After a while, I felt like I was ready for the first serious modification: new handlebars. If you do any research into the project, you’ll see it’s got quite a footprint on the web for being a bit of a pain.
When that was all done, I tackled the stretch which turned into a pretty serious project (and why wouldn’t it? There’s a crazy amount of changes being made with second and third-order effects). Along the way, the carburetor needed to be re-jet and that was my introduction to the inner workings of the bike – the guts of it all beyond stuff I can bolt onto the bike.
It was scary to get into, but I learned so much – mostly from screwing up. But with the support system of Ruckus aficionados, I was able to get through it and now I’m less intimidated by the prospect of not only re-jetting, but getting into just about anything. I feel like I can do just about anything if I read the instructions and have an expert or two to help with any questions I have.

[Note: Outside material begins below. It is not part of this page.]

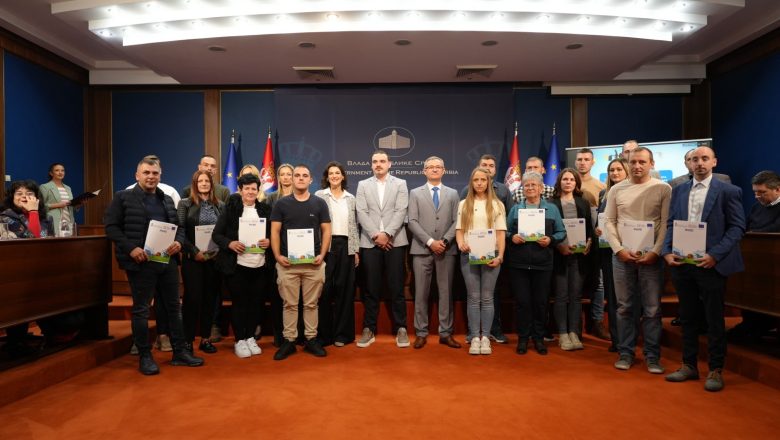 URUČENE PRVE SUBVENCIJE SRPSKIM POLJOPRIVREDNICIMA: U srpska gazdinstva stiže 19 novih traktora uz podršku EU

So maybe typical scooters can’t go very fast (mine tops out at 42 on a good day), and perhaps some scooter riders are abusing them until they die, but there are others like me who are learning on them and that’s pretty cool.
Additionally, a friend of mine recently came home from a lengthy trip and his 11-year-old son has been going on and on about getting a dirt bike. The father isn’t against this by any means but he mentioned my Ruckus to the son and they fell down a YouTube hole of modified Rucks and came out the other side with a bunch of questions.
It sounded to me like the father was looking for a project to do with his son and, honestly, I couldn’t imagine a better one. The Ruckus can be changed so drastically looks-wise for relatively little money and the mechanical stuff isn’t the hardest in the world. It could be a pretty valuable learning process for both father and son and at the end of it, the Ruckus would be something fun to bomb around on.
As a kid, I would have loved to do something like this.